Eine Pilotanlage zur biologischen Methanisierung soll neue wichtige Erkenntnisse über ein Verfahren bringen, das von vielen Experten als „Hidden Chance“ der Biogasbranche gehandelt wird. Hierzulande ist es bislang noch nirgendwo erfolgreich zum Zuge gekommen. Im nächsten Jahr soll der vom Dresdener Ingenieurdienstleister „GICON“ entwickelte Rieselbettreaktor in Nordhackstedt unmittelbar neben einer schon bestehenden Biogasanlage errichtet sein. Gefördert wird das Projekt vom Bundesministerium für Landwirtschaft, Ernährung und Heimat (BMLEH).

Der Standort in Nordhackstedt ist dafür gut gewählt: In der Nähe gibt es Strom aus Windenergie und Photovoltaik sowie eine Biogasanlage mit einem lokalen Wärmenetz. Was allerdings in dem 450-Einwohner-Ort noch fehlt, ist ein kluges, effizientes Zusammenspiel der Sektoren Strom, Wärme, Gas und auch Mobilität. Dann wäre die Energiewende in dem schleswig-holsteinischen Dorf zwischen Nord- und Ostsee in Gänze umgesetzt. 

Und genau an dieser Stelle kommt die kommende biologische Methanisierung in Nordhackstedt ins Spiel: Die Brüder Dirk und Bernd Nissen, Eigentümer der dortigen Biogasanlage sowie Betreiber eines lokalen Wärmenetzes, wollen den Rieselbettreaktor im Rahmen eines vom Bund mitfinanzierten Pilotprojekts im Frühjahr nächsten Jahres errichten.

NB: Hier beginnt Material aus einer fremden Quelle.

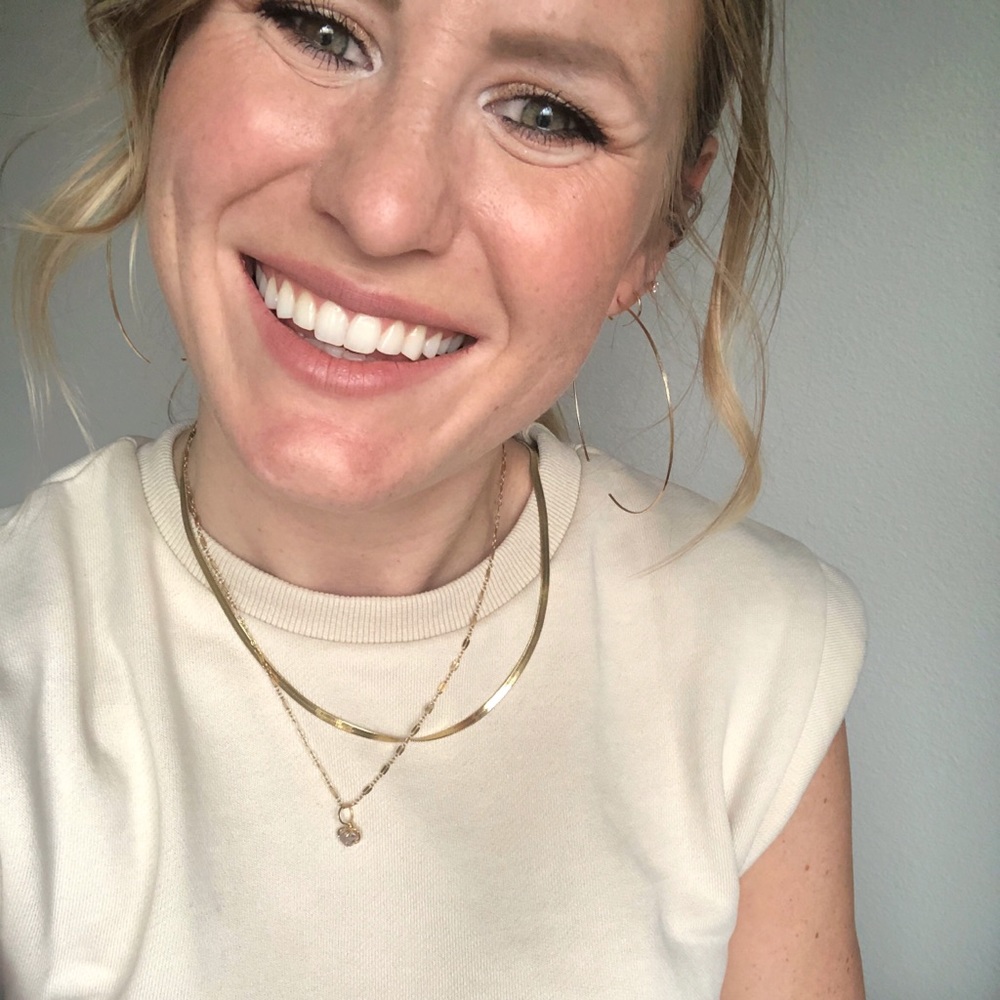 Meet your Posher, Ashleigh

Neben der Nissen Biogas GmbH & Co. KG und der Firma Gicon, die als Ingenieurdienstleistungsunternehmen aus Dresden den Reaktor in den vergangenen Jahren entwickelt hat, sind an diesem Vorhaben auch die Brandenburgische Technische Universität in Cottbus-Senftenberg und die Hochschule Flensburg beteiligt. Wissenschaftler der beiden Universitäten erhoffen sich durch die Begleitung der biologischen Methanisierung − auch „mikrobielle Methanisierung“ oder „Biomethansynthese“ genannt − Erkenntnisse darüber, ob und inwieweit das Verfahren zukünftig als Speichermedium gute Dienste leisten könnte. 

Methanbakterien arbeiten für die Energiewende

Die vier am Projekt beteiligten Unternehmen nehmen dafür rund 3 Millionen Euro in die Hand. Bei dieser Technologie wird Wasserstoff in das Biogas gegeben, um mithilfe von Methanbakterien (Archaeen) den Kohlendioxidanteil im Biogas zusammen mit dem Wasserstoff in Biomethan umzuwandeln. Nebenprodukte sind Wasser und Prozesswärme.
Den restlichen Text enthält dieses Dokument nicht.